The possibility of a pyrolysis process as a mean of recycling the residual plastic rich fraction (WEEE residue) derived from of a material recovery facility has been evaluated. The unknown product composition of WEEE residue has been supposed through coupled thermal - infrared analysis and ultimate analysis and resulted as PP 3 wt%, PBT 3 wt%, PVC 4 wt%, styrene-based polymers (principally ABS) 50 wt%, thermosetting resins (principally, epoxy/phenolic resins) 24 wt%, inorganic fraction (principally fiber glass) 16 wt%. DSC experiments showed that the overall energy, defined as the degradation heat, needed in order to completely degrade WEEE residue was about 4% of the exploitable energy of the input material. The effect of temperature and different zeolite catalysts were investigated, in particular in terms of yield and quality of the produced oils during the pyrolysis process. Produced oils were potentially exploitable as fuels and almost all catalysts improved their quality. The best performance was reached by NaUSY(5.7) with the second highest production of light oil and the greatest total monoaromatics yield, plus 12 wt% in comparison to thermal pyrolysis experiments. Furthermore, light oil produced by NaUSY(5.7) has one of the best LHV (36 MJ/kg) and no halogenated compounds were detected by GC-MS analysis. Char or pyrolytic gas combustion could supply the energy required for the thermal degradation of WEEE Residue.
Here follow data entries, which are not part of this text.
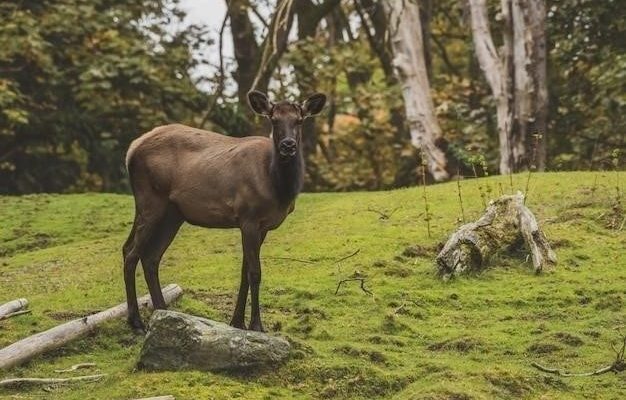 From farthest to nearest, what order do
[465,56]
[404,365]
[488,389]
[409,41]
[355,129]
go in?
[465,56] → [355,129] → [409,41] → [404,365] → [488,389]

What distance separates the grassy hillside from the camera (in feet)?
27.0

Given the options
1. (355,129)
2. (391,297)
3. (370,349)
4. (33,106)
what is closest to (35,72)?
(33,106)

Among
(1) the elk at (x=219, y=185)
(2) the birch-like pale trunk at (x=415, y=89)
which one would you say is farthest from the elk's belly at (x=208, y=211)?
(2) the birch-like pale trunk at (x=415, y=89)

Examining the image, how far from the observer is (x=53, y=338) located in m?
9.29

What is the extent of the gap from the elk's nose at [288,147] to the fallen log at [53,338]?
2325 millimetres

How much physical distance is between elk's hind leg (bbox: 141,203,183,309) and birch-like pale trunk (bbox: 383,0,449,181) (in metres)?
9.85

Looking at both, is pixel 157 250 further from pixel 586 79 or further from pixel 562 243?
pixel 586 79

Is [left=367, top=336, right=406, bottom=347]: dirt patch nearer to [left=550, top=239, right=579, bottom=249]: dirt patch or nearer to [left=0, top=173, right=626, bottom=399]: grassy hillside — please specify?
[left=0, top=173, right=626, bottom=399]: grassy hillside

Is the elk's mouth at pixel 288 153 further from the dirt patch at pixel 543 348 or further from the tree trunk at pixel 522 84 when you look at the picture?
the tree trunk at pixel 522 84

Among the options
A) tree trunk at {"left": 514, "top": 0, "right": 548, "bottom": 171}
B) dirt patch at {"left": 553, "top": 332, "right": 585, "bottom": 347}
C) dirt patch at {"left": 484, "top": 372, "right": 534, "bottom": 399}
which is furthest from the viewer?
tree trunk at {"left": 514, "top": 0, "right": 548, "bottom": 171}

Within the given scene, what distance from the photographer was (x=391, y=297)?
1101 centimetres

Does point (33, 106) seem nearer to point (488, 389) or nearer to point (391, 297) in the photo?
point (391, 297)

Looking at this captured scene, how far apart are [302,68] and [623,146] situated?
764 cm

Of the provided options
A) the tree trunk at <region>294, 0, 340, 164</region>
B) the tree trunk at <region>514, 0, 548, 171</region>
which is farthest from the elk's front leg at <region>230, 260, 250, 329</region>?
the tree trunk at <region>294, 0, 340, 164</region> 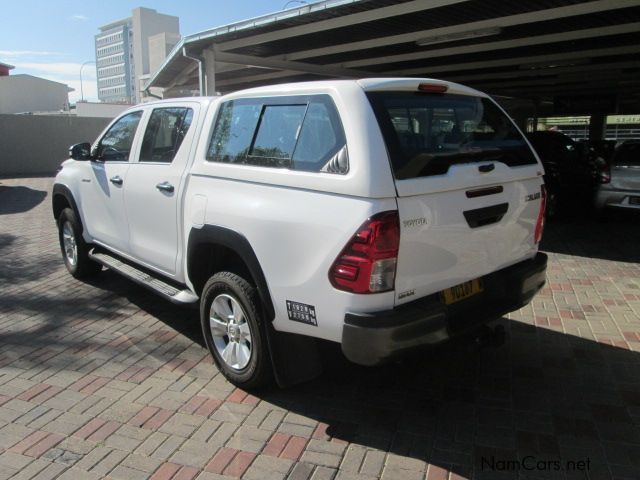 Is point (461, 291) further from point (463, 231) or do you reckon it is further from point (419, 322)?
→ point (419, 322)

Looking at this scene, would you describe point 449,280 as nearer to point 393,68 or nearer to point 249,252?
point 249,252

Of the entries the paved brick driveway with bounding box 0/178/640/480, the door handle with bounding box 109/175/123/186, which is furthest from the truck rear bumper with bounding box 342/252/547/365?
the door handle with bounding box 109/175/123/186

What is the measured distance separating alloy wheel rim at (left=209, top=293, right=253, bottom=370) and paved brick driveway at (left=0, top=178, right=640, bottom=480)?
238mm

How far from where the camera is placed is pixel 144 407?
135 inches

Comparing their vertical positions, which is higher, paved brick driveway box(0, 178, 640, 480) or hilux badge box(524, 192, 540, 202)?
hilux badge box(524, 192, 540, 202)

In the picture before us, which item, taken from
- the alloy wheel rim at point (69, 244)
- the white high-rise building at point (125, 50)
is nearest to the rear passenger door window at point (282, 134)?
the alloy wheel rim at point (69, 244)

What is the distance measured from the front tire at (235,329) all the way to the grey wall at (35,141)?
744 inches

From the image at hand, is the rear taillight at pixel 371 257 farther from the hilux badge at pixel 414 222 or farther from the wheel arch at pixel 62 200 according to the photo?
the wheel arch at pixel 62 200

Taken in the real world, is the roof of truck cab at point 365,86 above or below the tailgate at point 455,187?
above

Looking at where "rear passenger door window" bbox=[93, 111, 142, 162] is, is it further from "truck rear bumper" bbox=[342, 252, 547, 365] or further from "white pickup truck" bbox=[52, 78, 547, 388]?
"truck rear bumper" bbox=[342, 252, 547, 365]

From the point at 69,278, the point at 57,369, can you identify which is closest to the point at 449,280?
the point at 57,369

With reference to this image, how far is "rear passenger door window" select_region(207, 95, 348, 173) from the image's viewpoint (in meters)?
2.95

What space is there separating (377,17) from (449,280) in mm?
5886

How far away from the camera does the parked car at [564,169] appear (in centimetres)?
963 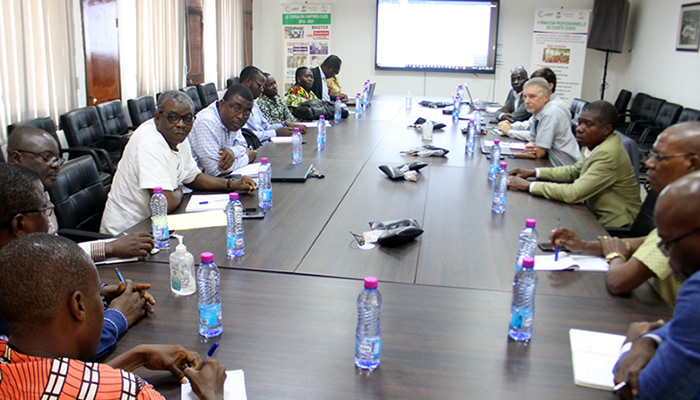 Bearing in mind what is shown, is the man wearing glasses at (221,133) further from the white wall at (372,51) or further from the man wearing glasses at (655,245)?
the white wall at (372,51)

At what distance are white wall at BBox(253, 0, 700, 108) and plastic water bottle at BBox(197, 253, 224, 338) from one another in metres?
7.33

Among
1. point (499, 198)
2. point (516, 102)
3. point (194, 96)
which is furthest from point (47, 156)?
point (516, 102)

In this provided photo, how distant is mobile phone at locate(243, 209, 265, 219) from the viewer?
256 centimetres

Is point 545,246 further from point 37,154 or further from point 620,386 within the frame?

Characterization of bio-oil and bio-char produced by low-temperature microwave-assisted pyrolysis of olive pruning residue using various absorbers

Olive pruning residue is largely formed during cultivation, and is usually disposed through open-air combustion directly in the field, but this habit is a possible source of pollution. The pyrolytic conversion of olive pruning residue has been run in a new and very appealing way using microwave as a heating source and different microwave absorbers in a multimode batch reactor. In this way, olive residue is converted into interesting bio-chemical products with a short pyrolysis time, ranging from 15 to 36 min, and with a peak temperature ranging from 450 K to 705 K according to the different microwave absorber. Thus, a very efficient and selective system was realized, which was able to address the process towards the formation of a large amount of bio-char (up to 61.2%) or a high formation of bio-oil (56.2%) and gas (41.7%) with a very low formation of bio-char (2.1%). However, when carbon and iron were used as microwave absorbers, it was possible to obtain an intermediate amount of bio-char (26-30%) and bio-oil (40 wt%). Bio-oils were collected as dark-brown liquids with low viscosity and density. A bio-oil with a low water concentration was obtained using carbon or iron as the microwave absorber. The bio-oils formed in all experiments contained a very large amount of acetic acid, even when NaOH was the microwave absorber. Furthermore, a large amount of aromatics were present in the bio-oil obtained using carbon as the microwave absorber.

An Overview of Temperature Issues in Microwave-Assisted Pyrolysis

Microwave-assisted pyrolysis is a promising thermochemical technique to convert waste polymers and biomass into raw chemicals and fuels. However, this process involves several issues related to the interactions between materials and microwaves. Consequently, the control of temperature during microwave-assisted pyrolysis is a hard task both for measurement and uniformity during the overall pyrolytic run. In this review, we introduce some of the main theoretical aspects of the microwaves–materials interactions alongside the issues related to microwave pyrolytic processability of materials.